EggHatch-AI Tutorial
Chapter 5: Sentiment Analysis Agent
Chapter 5: Sentiment Analysis Agent
Welcome back to the EggHatch AI tutorial! In the last chapter, Data Pipeline, we learned how our system gathers, cleans, and prepares raw data, like customer reviews, making it ready for analysis.
Now that we have this clean data, what can we do with it? One very useful thing is to understand how people feel about the products they are reviewing. This is where the Sentiment Analysis Agent comes in.
What is the Sentiment Analysis Agent?
Think of the Sentiment Analysis Agent as a mood ring for text. Its special job is to read a piece of text, like a customer review, and tell us the overall feeling or sentiment expressed in that text. Is the reviewer expressing a:
- Positive feeling? (e.g., “This laptop is amazing!”)
- Negative feeling? (e.g., “Battery life is terrible.”)
- Neutral feeling? (e.g., “The box arrived today.”)
This agent uses a special type of AI model (a pre-trained language model) that’s good at understanding the nuances of human language to figure this out. It also has a simple backup plan (a rule-based fallback) in case the main AI model isn’t available.
Knowing the sentiment of reviews is incredibly helpful! It tells us whether customers are generally happy or unhappy with a product or a specific feature.
Why Do We Need a Sentiment Analysis Agent?
When you’re looking at hundreds or thousands of reviews for a product, you can’t possibly read them all yourself to get a sense of how people feel. You need an automated way to get an summary of the overall mood.
- For Users: When you ask EggHatch AI for a recommendation, knowing the general sentiment from reviews helps the system tell you not just what the specs are, but also how satisfied users are.
- For Analysis: Other agents (like the Trend Analysis Agent we’ll see later) might want to combine sentiment with other findings.
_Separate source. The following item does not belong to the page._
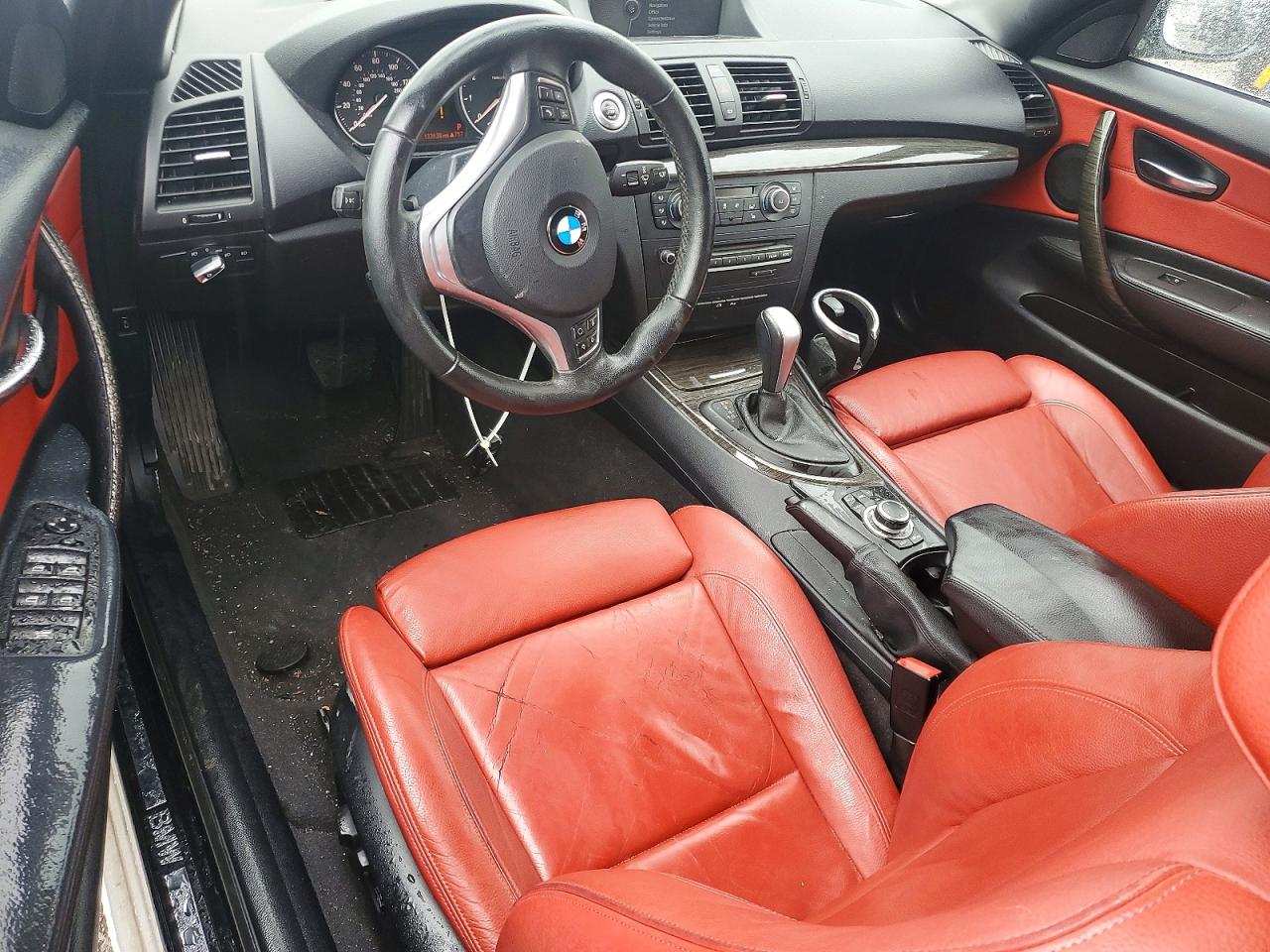 2013 Bmw 128 I Белый vin: WBAUN1C54DVR00891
For example, finding out that many people are talking about “battery life” AND the sentiment around those mentions is mostly “negative”.
The Sentiment Analysis Agent provides this crucial emotional insight from the raw text data.
The Use Case: Understanding Review Mood
Let’s go back to our example: “What’s a good gaming laptop for under $1500?”.
If the Master Agent needs to figure out if a specific laptop model is well-liked within that budget, it can use the Sentiment Analysis Agent.
The process might look like this:
- The Master Agent identifies relevant laptops.
- It asks the Data Pipeline for all the customer reviews for those laptops.
- It gives these reviews to the Sentiment Analysis Agent.
- The Sentiment Analysis Agent analyzes each review individually.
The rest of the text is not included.